Plusieurs de nos conversations ont évolué autour du poids des responsabilités qui, si souvent, nous empêchent de jouer dans la vie et de quitter notre poste de garde où nous nous trouvons volontairement ou involontairement. Pendant la retraite, reprenant les propos de l’une d’entre nous, Lisette a écrit la phrase suivante au tableau : « Si nous transformons la responsabilité en sagesse, alors nous deviendrons puissantes au-delà de tout doute ». Nous avons ainsi exploré ce que cela signifie de transformer le poids des responsabilité et le sentiment de solitude qui va avec. Comment est-ce que cela évolue en une sagesse collective partagée ? Nous nous sommes autorisées à considérer une acception plus large du mot « responsabilité », par exemple l’ « habileté à répondre » qui me semble tellement plus spacieux et autonomisant. J’ai pu comprendre à quel point l’expression « prendre ses responsabilités » correspond à un comportement culturel par défaut, une manière d’être et d’appartenir associée aux ainées de la fratrie. Nous pouvions sentir émerger à l’horizon un espace où la sagesse et les expériences des ainées prennent place et emmènent l’humanité vers de nouvelles formes de leadership. A la fin du programme, il était temps de reprendre la phrase et d’être plus affirmatives et plus ancrées dans le présent quant à nos aptitudes et contributions.

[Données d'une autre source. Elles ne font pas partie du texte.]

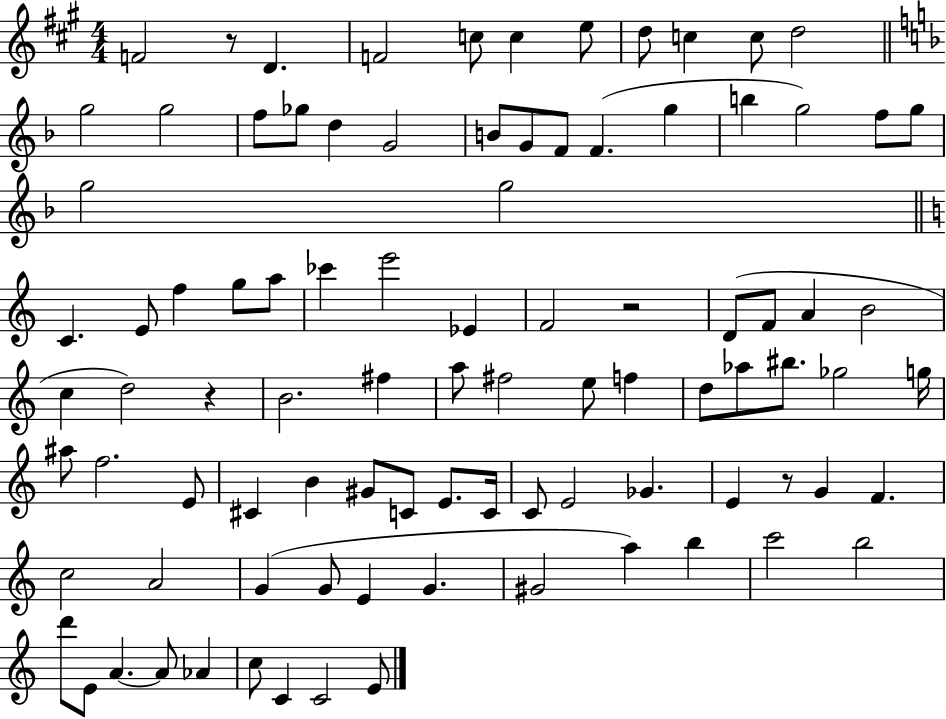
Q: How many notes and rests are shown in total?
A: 92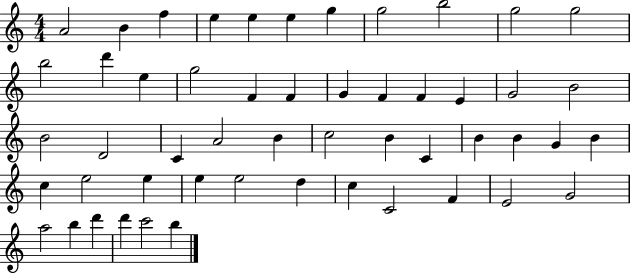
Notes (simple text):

A4/h B4/q F5/q E5/q E5/q E5/q G5/q G5/h B5/h G5/h G5/h B5/h D6/q E5/q G5/h F4/q F4/q G4/q F4/q F4/q E4/q G4/h B4/h B4/h D4/h C4/q A4/h B4/q C5/h B4/q C4/q B4/q B4/q G4/q B4/q C5/q E5/h E5/q E5/q E5/h D5/q C5/q C4/h F4/q E4/h G4/h A5/h B5/q D6/q D6/q C6/h B5/q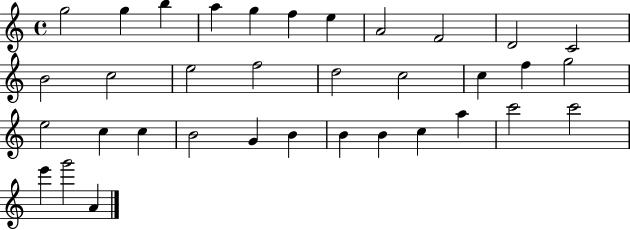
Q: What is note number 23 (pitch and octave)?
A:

Quand nous transformons les responsabilités en sagesse, nous devenons puissantes au-delà de tout doute.

Que cela puisse être vrai non seulement pour les ainées.

Juste avant de commencer le programme j’ai lu le dernier livre de Brené Brown (une autre ainée) : Braving the Wilderness. The quest for true belonging and the courage to stand alone. Sa voix était avec moi me guidant et m’encourageant à exprimer ce qui fait sens pour moi et a statut de vérité interne quoiqu’il arrive autour de moi. J’ai quitté la retraite avec l’intention de demeurer dans ma vérité. Je sais que cela implique de valoriser ma manière unique à moi de m’exprimer et de prendre le risque de quitter mon ornières du devoir. Le nouveau site internet de Yggdrasil ainsi que ce blog sont des manifestations de cette expérience en cours. J’espère que vous y prendrez plaisir et que vous me rejoindrez dans mes explorations d’une vie de plénitude.